I am an unabashed lover of Scotland and all things Scottish. It is different from England, gloriously so.
Although bound to its big neighbor under the Act of Union of 1707, Scotland has remained a very separate place. It has its own legal system with demanding rules of evidence that require two witnesses, or lines of evidence, before conviction.
It has authority over most local governments, including some taxing authority and control of its education system. Since “devolution” in 1999, its control over other domestic issues also has increased.
Scotland has the world’s most distinctive men’s attire: the kilt. It has its own sports: shinty, the caber toss and haggis hurling. Others it has bequeathed to the world, like golf, tug of war and curling.
Walking on the streets of Aberdeen or Glasgow, you wouldn’t think you had fetched up in some English town. Just the hard-to-follow dialects will put you right on that one. Prepare yourself by watching the many Scottish series on PBS. One gets used to the different speech after a couple of days in the land of Robert Burns.
The resignation of Scotland’s first minister, Nicola Sturgeon, has focused attention on the perennial issue of Scottish independence. Although it was defeated in a referendum in 2014, it was given new life after the Brexit vote in 2016, when Scottish citizens, unlike those in England, Wales and Northern Ireland, voted to remain in the European Union.

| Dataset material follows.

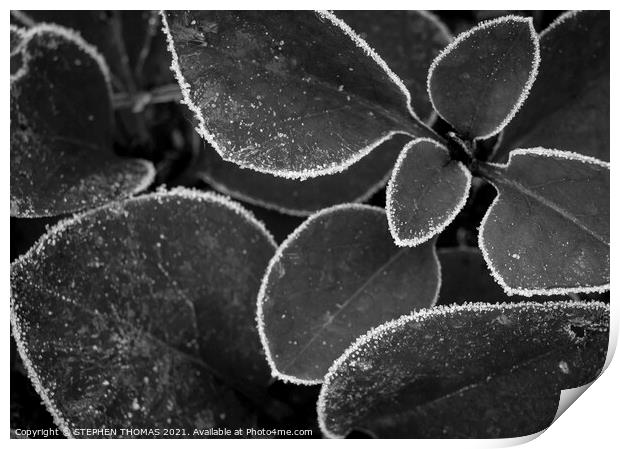 Frosted Lilac Shoots B/W Print by STEPHEN THOMAS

Some thought it would be given that this would boost demands for independence with Sturgeon leading the (bagpipe) band. Instead, support in the opinion polls for independence has dwindled, and Sturgeon’s plan to turn the next general election into a de facto referendum on independence found opposition in her own Scottish National Party.
Sturgeon was wrapped in the flag of Saint Andrew, the patron saint of Scotland. The flag is a diagonal white cross, or saltire, on a blue background. If you disassemble the Union Jack, it is in there.
The original Act of Union reflected the weak economic situation in Scotland then and England’s control of trade in and to the British Isles. More than 300 years later, that is the case again.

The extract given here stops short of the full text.